Di questo periodo ricorderò due cose: la rubrica di Maria Laura Rodotà sull’inserto del Corriere della sera e la caduta degli dei, ovvero i maschi della mia vita. Dovrei dire mammiferi maschi, perchè la terminologia “maschio” in sè richiama immagini da Marlboro Country che per l’amore benedetto del cielo, ma nemmeno da lontano. A noi che siamo cresciute con Cenerentola, prima, e con la Yourcenair, dopo, pare strano che un uomo eppure raffinato non rientri a casa la sera con le scarpe coperte di fango e il portatile sotto il braccio, brandendo la forchetta per mangiare lo stufato, reclamando la nostra presenza nel talamo ma solo dopo avere visto assieme Brothers & Sisters. Siamo cresciute, insomma, a pane e stronzate, metti perchè Paolo Bonolis all’epoca era un bravo guaglione che faceva sgangherare dal ridere ma poi era Simon Le Bon (Axel Rose) quello da acchiappare al lazo, o perchè la mamma era talmente confusa a uccidere filosoficamente la figura di sua madre che non si accorgeva che cominciavamo a fare riferimento su figure vacue come Vanessa Paradis; sarà quel che sarà, ma ci ritroviamo oggi con un antagonista-amante assolutamente privo di senso e di fermezza, che noi abbiamo cresciuto ed incoraggiato.
Dovevamo insorgere quando il servizio di leva è stato abolito, scendendo in piazza per farne ripristinare un altro, obbligatorio, di almeno quattro anni. Poi ci dovevamo riversare nelle piazze alla prima avvisaglia di metrosexualità, credo che Gillette sia probabilmente la prima vera promotrice dell’homo glabrus, ecco guarda che bei risultati. Ora, un potrebbe pensare che io mi stia riferendo all’estetica dell’uomo contemporaneo, mentre mi riferisco solo ai suoi contenuti (?): a forza di piangere e compiangersi, a forza di avere il tempo di dare sfogo ai propri egotismi e alle proprie malinconie, dopo essersi impadroniti di quelle frasi per cui avremmo duvuto, sì per quelle, essere bruciate sui roghi – “credo di stare cambiando in un modo che non conosco”, “mi sento scippato della mia gioventù”, “ho tanta rabbia che non so come sfogare”, “scusami per oggi, ma mi sento teso e nervoso”, e via dicendo -, e avere scoperto le gioie di esternare le scappatelle – ma dove sono gli uomini che, come le donne, se la fanno da una parte di nascosto e poi tornano a casa un pochino più allegri di prima – a scopo auto-terapeutico, eccoli qui, il capolavoro del terzo millennio: la donnetta irsuta.

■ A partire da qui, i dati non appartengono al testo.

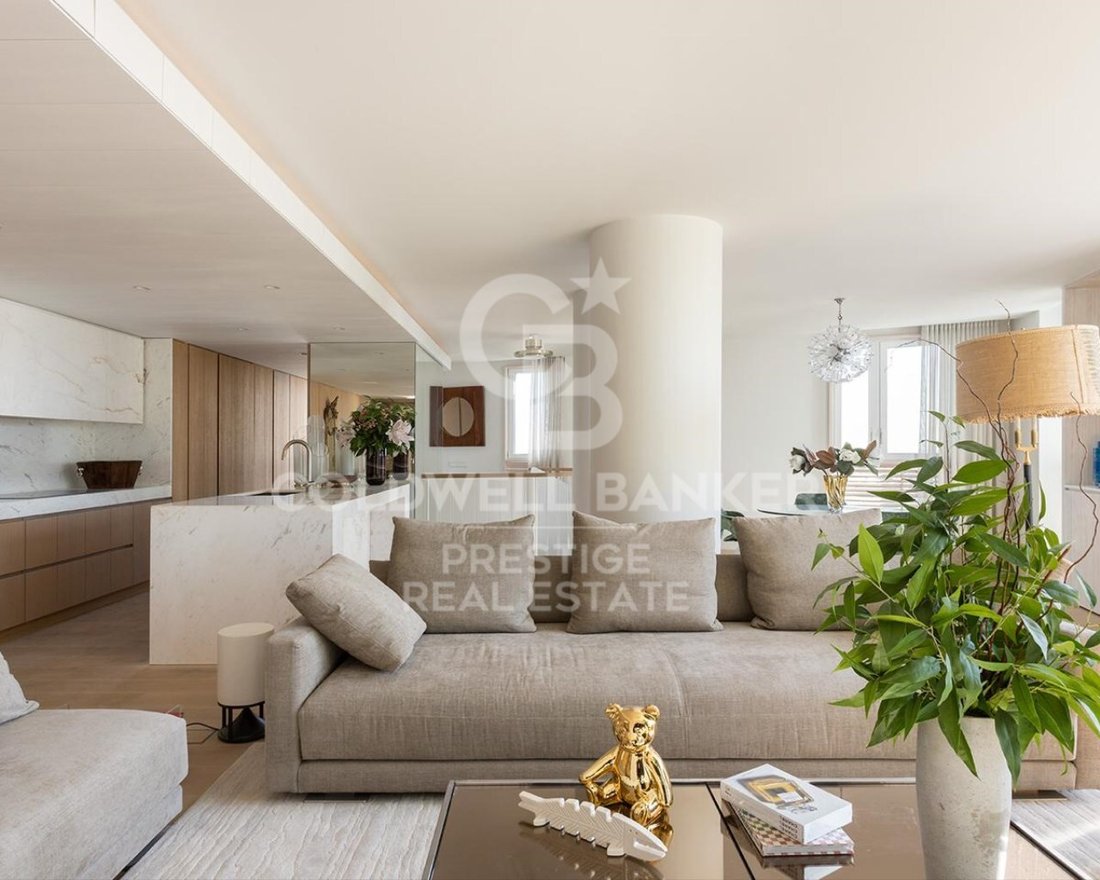 Apartment in Ciutat Vella, Barcelona, Spain 4 - 13837969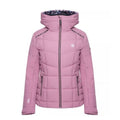 Front - Dare 2B Womens/Ladies Expertise Padded Ski Jacket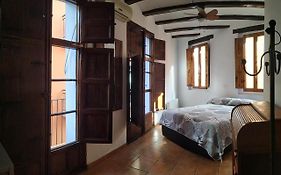 Bonito apartamento con encanto en casco antiguo RON 7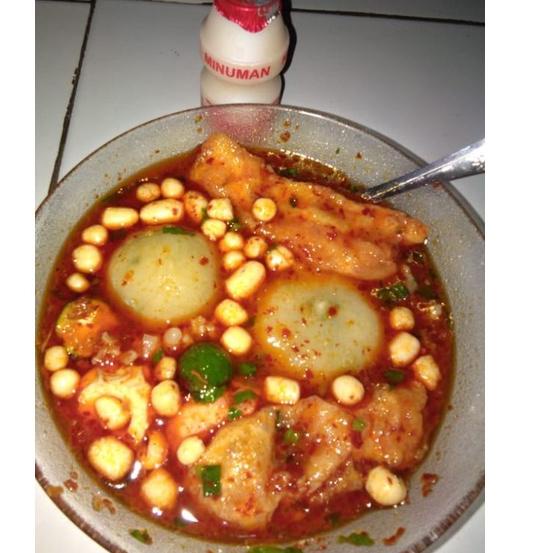 

5.5 COD Baso Aci jumbo mercon // Baso Aci Garut // Cigo Saung nyumput Garut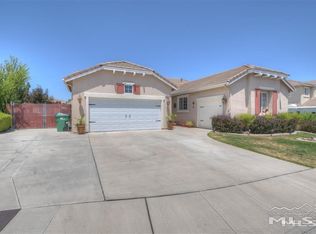 5567 Junction Peak Dr, Sparks, NV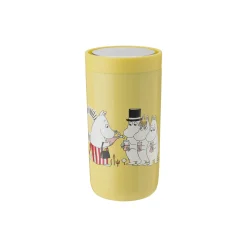 Stelton To Go Click termokop 0,2 L,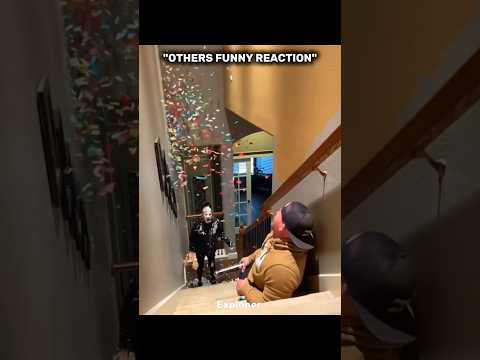Others Funny Reaction Vs This One Part3 💀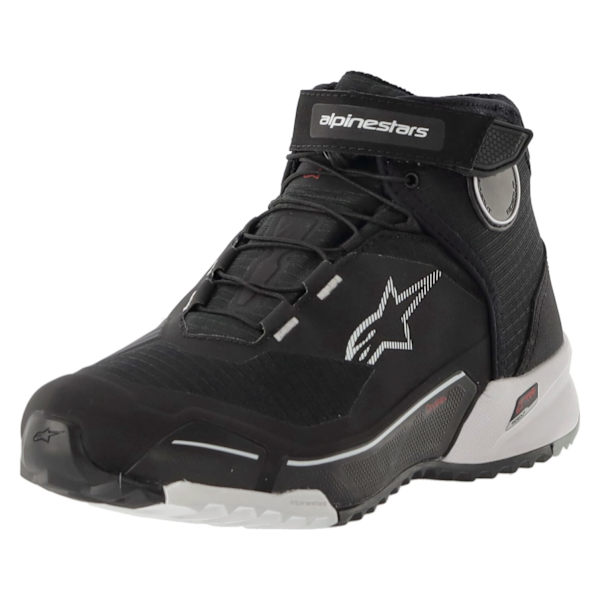 549070_Boots_Alpinestars_Alpinestars-CR-X-Drystar-Riding-Shoes-Black-White/4.jpg
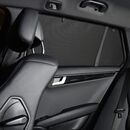 CarShades VW TOUAREG 5D 03-10 6τεμ. Κουρτινάκια Μαρκέ CarShades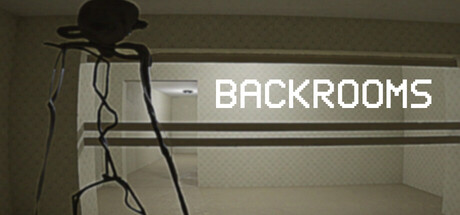 Backrooms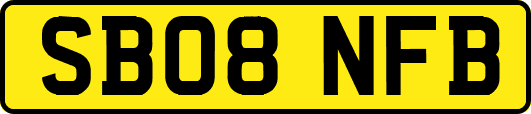 SB08NFB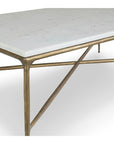 Keswick Rectangular Cocktail Table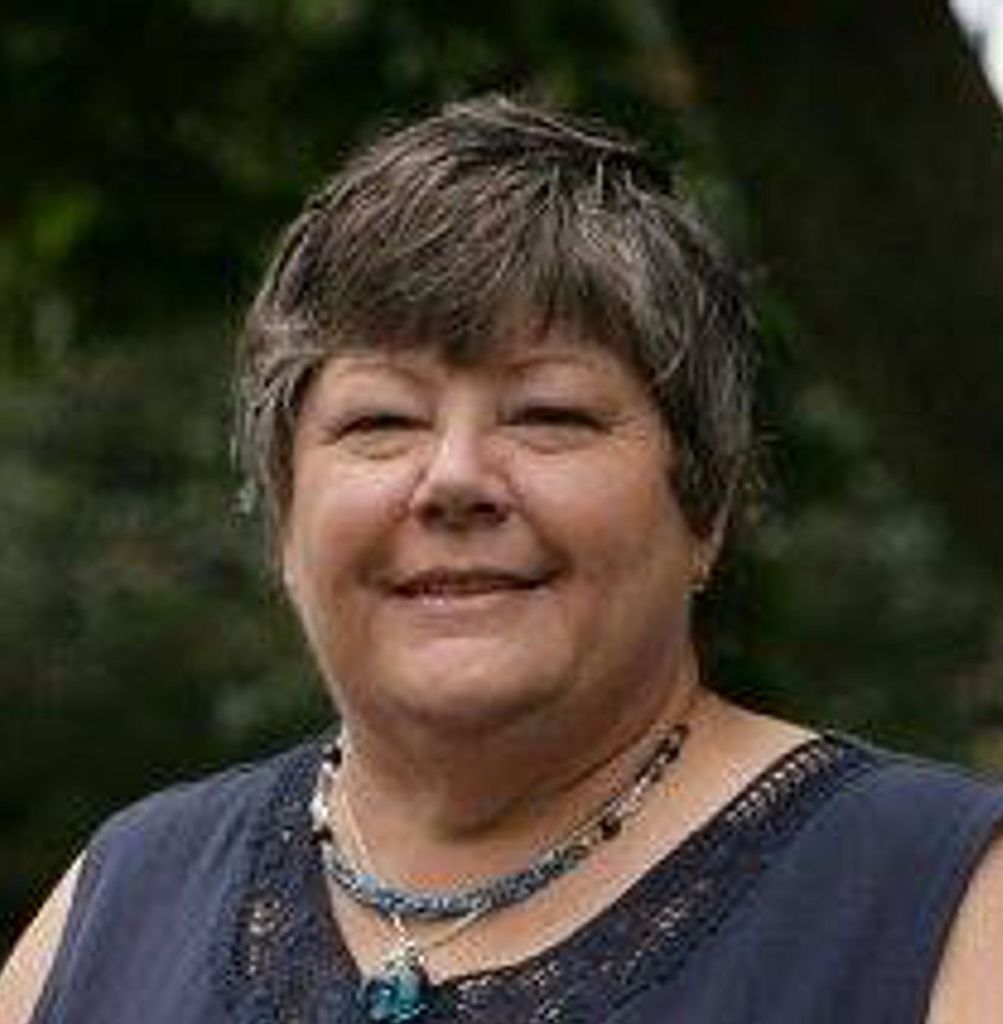 Kathleen "Kathy" Marie Parks
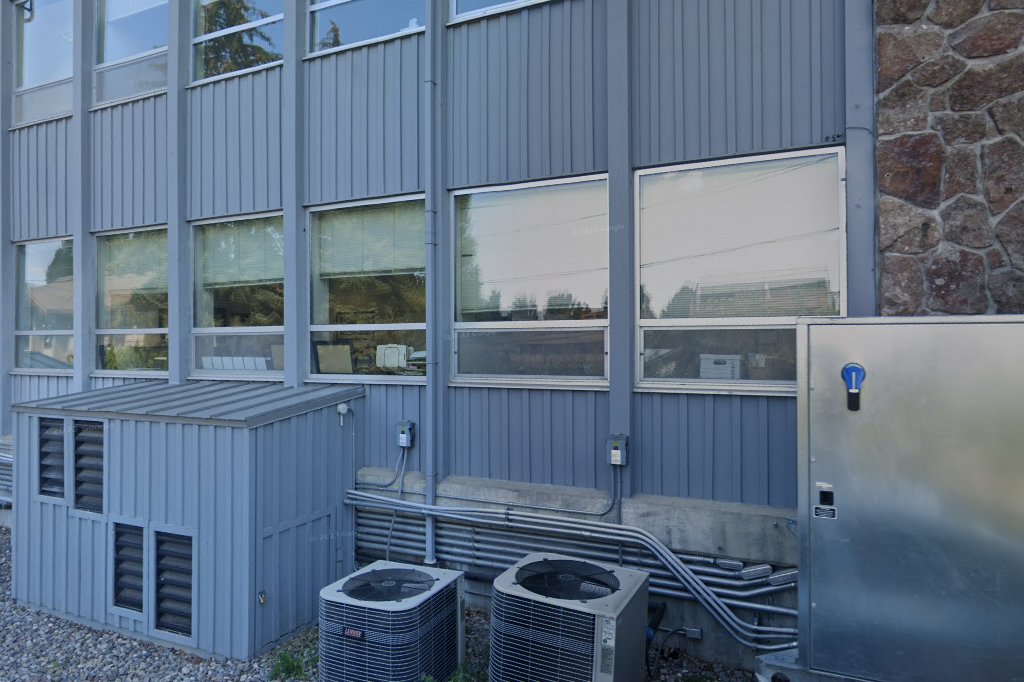 Teton County Passport Office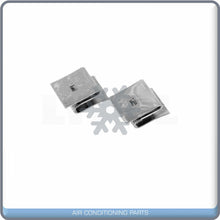 Load image into Gallery viewer, Radiator for Chrysler Town &amp; Country, Voyager / Dodge Caravan QL - Qualy Air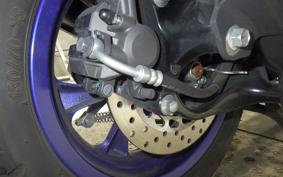 YAMAHA TRICITY 155 A 2013 SG37J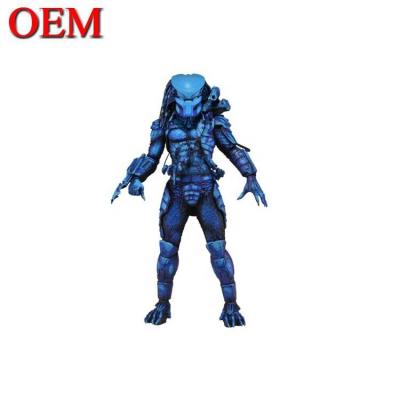China Manufacturer Custom New Character Toy Action Model Figurine for sale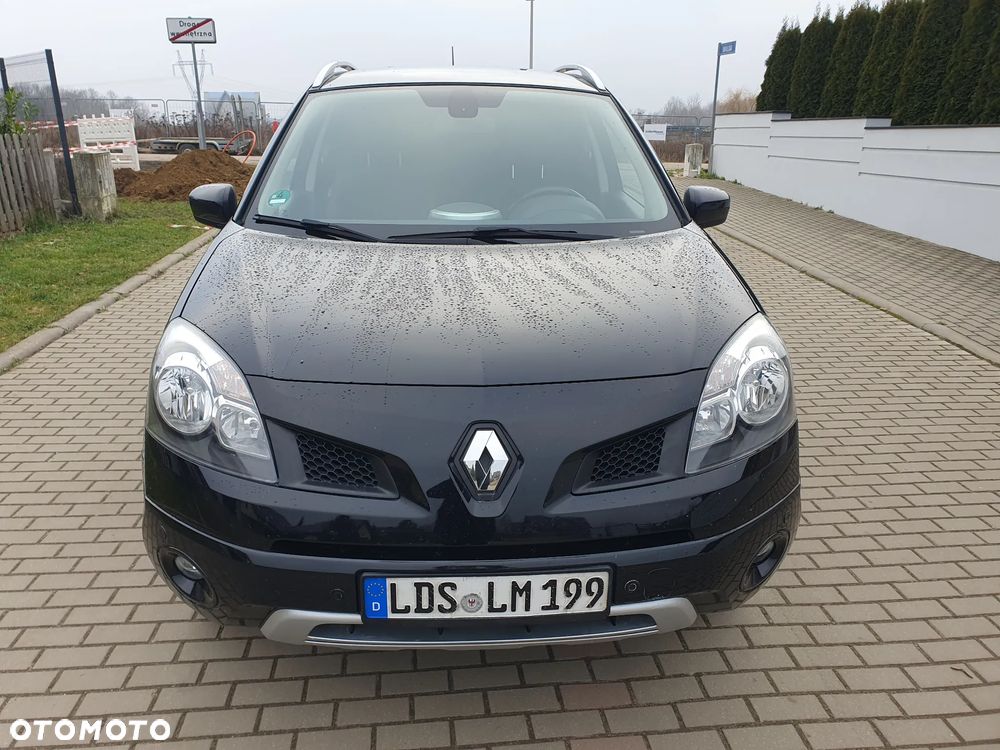 Renault Koleos 2.5 16V 4x4 Dynamique - 19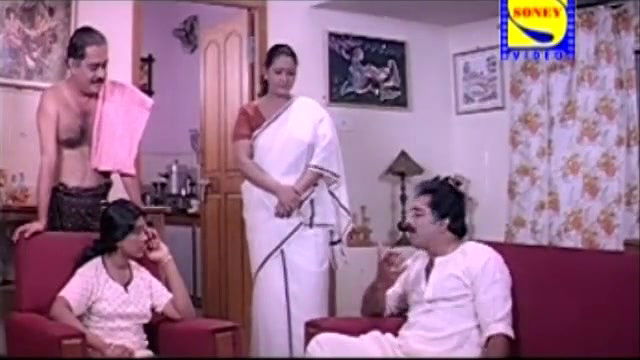 Haa Okka Nimusham Movie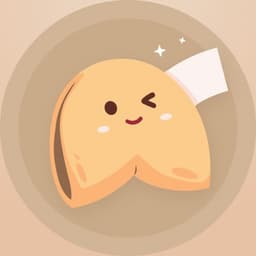 Fortune Cookies App логотип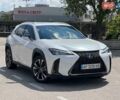Білий Лексус UX, об'ємом двигуна 1.99 л та пробігом 62 тис. км за 29999 $, фото 1 на Automoto.ua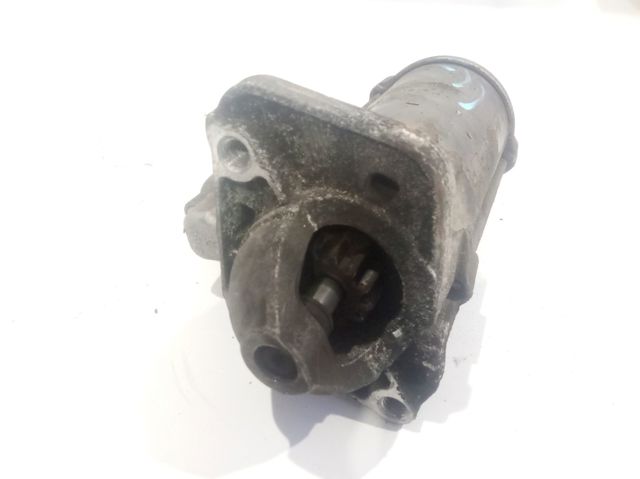 7711497567 Motor de arranque  comprar en Zaragoza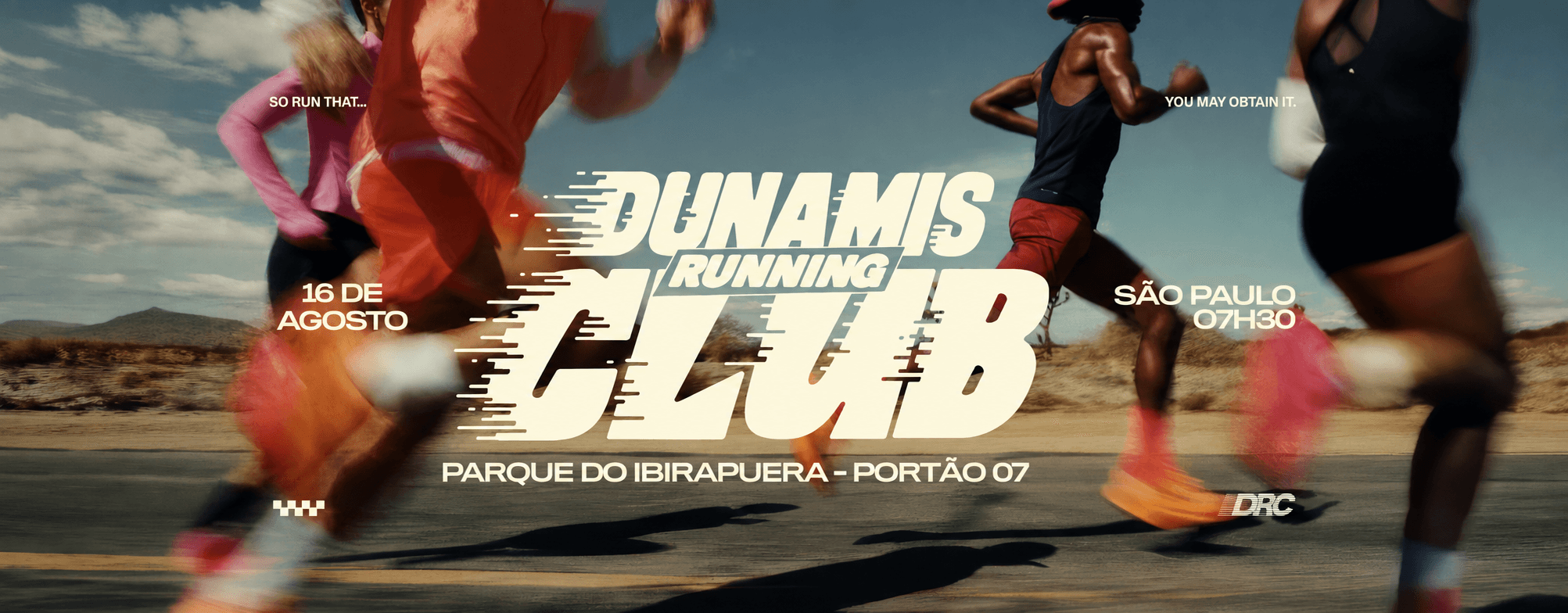 Banner Event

Dico donnetta perchè penso a noi stesse in maniera dispregiativa ogni volta che leggo indulgenza, ogni volta che vedo malizia e lamentele senza senso, desiderio di rottura invece che costruttivo. Donnetta pelosa, pronta a scacacchiare mugugni addosso a tutti, fragile e beona, codarda e pure violenta, questo è l’uomo che mi trovo davanti a cena, sul lavoro, nel letto e dovunque mi giri, negli spazi che prima erano della mia memoria e ora sono condivisi con questi fantasmi del passato, come in una favola di Dickens rimasterizzata da Maria De Filippi – un incubo.
Ci vorrebbe che invece della donnetta irsuta questi si svegliassero, tutti, e cominciassero a guardarsi le donne, quelle normali, quelle che la dignità non è una parola sermone e nemmeno da campagna politica. Che si svegliassero, queste mammole, che ridotti in questo stato di disgrazia non li vuole più nessuna.